Susan Deborah Chira (born May 18, 1958, in Manhattan) is an American journalist. She was the editor-in-chief of The Marshall Project until January 2025. Previously, Chira was a senior correspondent and editor covering gender for The New York Times. From September 2014 until September 2016, she was a deputy executive editor of the newspaper and oversaw its news report. She was previously the assistant managing editor for news, and was the Times's foreign news editor from 2004 to 2011.

She was raised in Rye, New York, and attended Phillips Academy Andover in Andover, Massachusetts, where she graduated in 1976. She received her Bachelor of Arts degree from Harvard University in 1980, graduating summa cum laude. She is a member of Phi Beta Kappa.

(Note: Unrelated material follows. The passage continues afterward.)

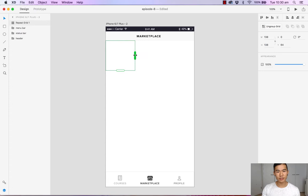By simply dragging it out to the right, you can repeat the squares. Drag them down, you can repeat the squares.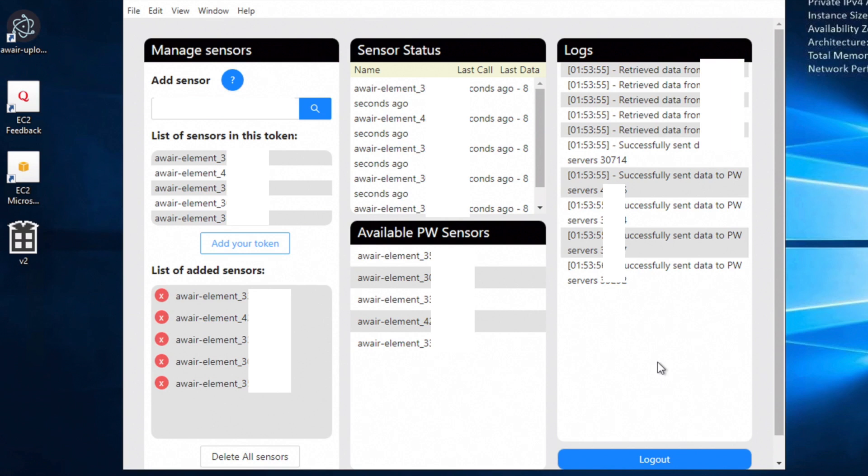What's happening everybody, it's Passive Crypto Mining here. Today's video is going to be a step-by-step tutorial on how you can set and run the community tool to ensure that your AWARE element devices are connected and are streaming the relevant amounts of data.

While at Harvard, Chira was the president of the Harvard Crimson.

Chira joined The New York Times in 1981. She was the Times's correspondent and then bureau chief in Tokyo from 1984 to 1989.

She has also been the metropolitan reporter at bureaus in Albany, New York, and Stamford, Connecticut, national education correspondent, deputy editor of the Foreign desk, editor of The Week in Review, and editorial director of book development. In May 2018, following a stint as an editor covering gender issues, she was named interim Metro editor following the resignation of Wendell Jamieson. She served in that post until the appointment of Clifford J. Levy to the position two months later.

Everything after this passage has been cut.